Yo me alegro de esta extinción virtual de la raza humana. En realidad, si fuéramos justos, no mereceríamos otra cosa. Pero claro, nadie va a dar el primer paso de proponerse... La alegría misántropa que proporciona la película tiene algo de cinismo y de simple experimento mental. De todos modos, que los simios fueran los dueños del planeta sólo sería una victoria efímera. Un paréntesis gozoso. Las leyes de Darwin van a seguir cumpliéndose aunque los monos no lean a Darwin. Dentro de cuatro millones de años, cuando rueden otra secuela de “El planeta de los simios”, los tataranietos de César habrán cumplido de nuevo el ciclo de la evolución y serán humanos otra vez. Es decir: volverán a llenarlo todo de mierda y a torturar a otros animales en las plazas de toros o en los laboratorios de la industria. Mientras todo quede en manos de los simios superiores jamás vamos a salir de la trampa. 

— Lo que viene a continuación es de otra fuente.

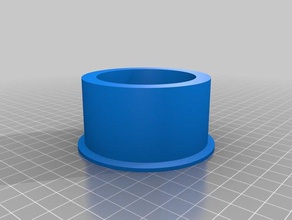 la mia iso personalizzata flangia kf parametrico ingegneria 3d print model - Mito3D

El abuelo Darwin planteó un círculo cerrado de difícil solución. Cada cuatro millones de años los simios evolucionados tendrán que vérselas de nuevo con los simios arrinconados que aspiran a derrocarlos. Solo una guerra nuclear - ésa que dicen que haría reyes a los roedores y reinas a las cucarachas- acabaría con este ciclo eterno de precuelas y secuelas de “El planeta de los simios”. Lo iremos viendo.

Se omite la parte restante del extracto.